Wednesday, November 22, 2017

Ronald Turner

Ronald Turner, PLESSY 2.0, 13 Lewis & Clark Law Review 861 - 919 (Winter 2009) (380 Footnotes Omitted)

RonaldTurnerIn matters of race and, more specifically, racial integration, those who have come to the U.S. Supreme Court seeking race-conscious and integration-protective constructions of the Equal Protection Clause of the Fourteenth Amendment to the U.S. Constitution have experienced the reality that the mandated “equal protection of the laws” has been and continues to be elusive and often illusive. Consider, in this regard, three cases decided by the Court at various points in a span of time beginning in the late nineteenth century and ending in the early twenty-first century.

The Court's infamous 1896 decision in Plessy v. Ferguson held that a Louisiana statute requiring separate but (in reality not) equal railway accommodations for black and white passengers did not violate the Equal Protection Clause. In so holding, the Court reasoned that the challenged law was a “reasonable regulation” and that Louisiana was “at liberty to act with reference to the established usages, customs and traditions of the people, and with a view to the promotion of their comfort, and the preservation of the public peace and good order.” To those who believed (correctly) that this “enforced separation of the two races stamps the colored race with a badge of inferiority,” the Court opined that any such inferiority was “not by reason of anything found in the act, but solely because the colored race chooses to put that construction upon it.”

Fifty years later, in its unanimous opinion in Brown v. Board of Education (Brown I), the Court's “greatest anti-discrimination decision,” the Court rejected Plessy's approach to, and construction of, the Equal Protection Clause as applied in the context of elementary and secondary public school education. Chief Justice Earl Warren, writing for the Court, stated that the separation of black children “from others of similar age and qualifications solely because of their race generates a feeling of inferiority as to their status in the community that may affect their hearts and minds in a way unlikely ever to be undone.” Racial segregation “in public schools has a detrimental effect upon the colored children. The impact is greater when it has the sanction of the law . . . .”

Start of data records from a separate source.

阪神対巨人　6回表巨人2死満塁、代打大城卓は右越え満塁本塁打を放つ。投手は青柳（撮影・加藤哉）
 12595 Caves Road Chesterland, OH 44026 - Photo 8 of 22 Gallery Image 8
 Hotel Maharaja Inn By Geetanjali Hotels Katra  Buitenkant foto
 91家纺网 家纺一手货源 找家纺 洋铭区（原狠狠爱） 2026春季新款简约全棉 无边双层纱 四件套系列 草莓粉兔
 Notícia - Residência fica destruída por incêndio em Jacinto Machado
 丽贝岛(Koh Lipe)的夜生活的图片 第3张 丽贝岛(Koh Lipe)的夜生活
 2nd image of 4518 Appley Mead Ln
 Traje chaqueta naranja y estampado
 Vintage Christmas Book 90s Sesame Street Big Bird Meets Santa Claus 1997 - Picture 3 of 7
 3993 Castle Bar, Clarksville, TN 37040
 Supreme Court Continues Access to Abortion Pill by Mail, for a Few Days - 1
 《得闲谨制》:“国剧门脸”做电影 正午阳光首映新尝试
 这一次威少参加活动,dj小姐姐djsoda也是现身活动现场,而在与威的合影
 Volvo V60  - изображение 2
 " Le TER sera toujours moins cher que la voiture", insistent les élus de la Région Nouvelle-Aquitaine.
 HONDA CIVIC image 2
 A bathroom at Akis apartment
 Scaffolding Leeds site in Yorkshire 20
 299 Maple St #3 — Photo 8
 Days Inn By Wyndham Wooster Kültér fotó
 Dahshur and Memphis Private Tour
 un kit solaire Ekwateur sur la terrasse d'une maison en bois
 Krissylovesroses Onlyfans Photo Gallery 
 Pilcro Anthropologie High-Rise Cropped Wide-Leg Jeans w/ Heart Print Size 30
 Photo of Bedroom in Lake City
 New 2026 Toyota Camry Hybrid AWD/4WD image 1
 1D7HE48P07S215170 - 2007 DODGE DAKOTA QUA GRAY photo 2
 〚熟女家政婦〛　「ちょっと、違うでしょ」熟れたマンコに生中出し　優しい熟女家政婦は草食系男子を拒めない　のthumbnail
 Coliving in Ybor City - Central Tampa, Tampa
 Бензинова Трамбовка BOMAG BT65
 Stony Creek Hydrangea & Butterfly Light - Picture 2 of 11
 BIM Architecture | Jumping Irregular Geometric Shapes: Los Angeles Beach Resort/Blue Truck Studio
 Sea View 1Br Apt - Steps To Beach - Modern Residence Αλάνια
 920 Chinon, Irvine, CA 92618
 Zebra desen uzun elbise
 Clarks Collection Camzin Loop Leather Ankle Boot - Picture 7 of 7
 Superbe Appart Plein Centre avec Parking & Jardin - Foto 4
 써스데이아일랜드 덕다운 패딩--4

Most recently, and 111 years after Plessy, the Court in Parents Involved in Community Schools v. Seattle School District No. 1 held that racial integration and diversity plans voluntarily adopted by public school districts in Seattle, Washington and in the Louisville, Kentucky metropolitan area violated the Equal Protection Clause. Chief Justice John G. Roberts, Jr., writing for a plurality of the Court, opined that those who sought the invalidation of the plans were “more faithful to the heritage” of Brown I. In support of this position, Roberts quoted the following passage in the Brown I plaintiffs' 1952 brief to the Court: “‘[T]he Fourteenth Amendment prevents states from according differential treatment to American children on the basis of their color or race.”’ “What do the racial classifications at issue here do,” Roberts asked, “if not accord differential treatment on the basis of race” and “determine admission to a public school on a racial basis?” The Parents Involved plurality thus placed the Brown I plaintiffs and their lawyers who fought American apartheid's unconstitutional, exclusionary, and immoral subordination of African-Americans on the same side as those who asked the Court to strike down Seattle and Louisville's voluntary efforts to address the vestiges, consequences, and current manifestations of this Nation's lived and living experiences with race and racism.

Parents Involved is a significant and troubling development in the historical and ongoing debate over the legal and sociopolitical meaning of the Equal Protection Clause as applied to raced and racialized persons of color. Chief Justice Roberts' plurality opinion, resurrecting and reflecting the formalism of the Court's pre-1900 equal protection analysis, ignored the historical and social meanings of race as it decided the constitutionality of the at-issue integration plans. To interpret and apply the clause as if history had not occurred, to act as though the past is not connected to the current realities of racial segregation and resegregation, is to insulate entrenched racial hierarchy and the racial status quo from integrative change. To decide whether and which integrationist measures are permitted or prohibited by the Equal Protection Clause via an interpretive approach in which all race-conscious governmental decision making, the exclusive as well as the inclusive, is the same, is to place beyond the reach of the clause racialism in the real, and not in some imagined, world. In these respects, the Parents Involved plurality opinion is reminiscent of, and resurrects certain aspects of, Plessy.

This Article addresses Plessy and Parents Involved's analytical commonalities and formalistic approaches to, and constructions of, the Equal Protection Clause. The discussion unfolds as follows. Part II begins with an overview of important constitutional, legal, and political developments preceding the Court's decision in Plessy, and then examines the Court's negative answer to the question whether Louisiana's separate-but-equal statute violated the Equal Protection Clause. Part III turns to and discusses Brown and the Court's break with the Plessy analysis and worldview. Parts IV, V, and VI explore the resistance to Brown and, more specifically, the ways in which President Richard M. Nixon and the Burger and Rehnquist Courts contributed to the bleaching of the seminal 1954 decision. Part VII focuses on and critiques Chief Justice Roberts' and Justices Clarence Thomas and Anthony Kennedy's opinions in Parents Involved, and contends that certain features of the Court's 2007 ruling are reminiscent of the formalism and reality-blindness on display in Plessy. As argued herein, Parents Involved is an important exemplar and reminder of the ways in which constitutional law and history can be circular rather than linear, regressive rather than progressive.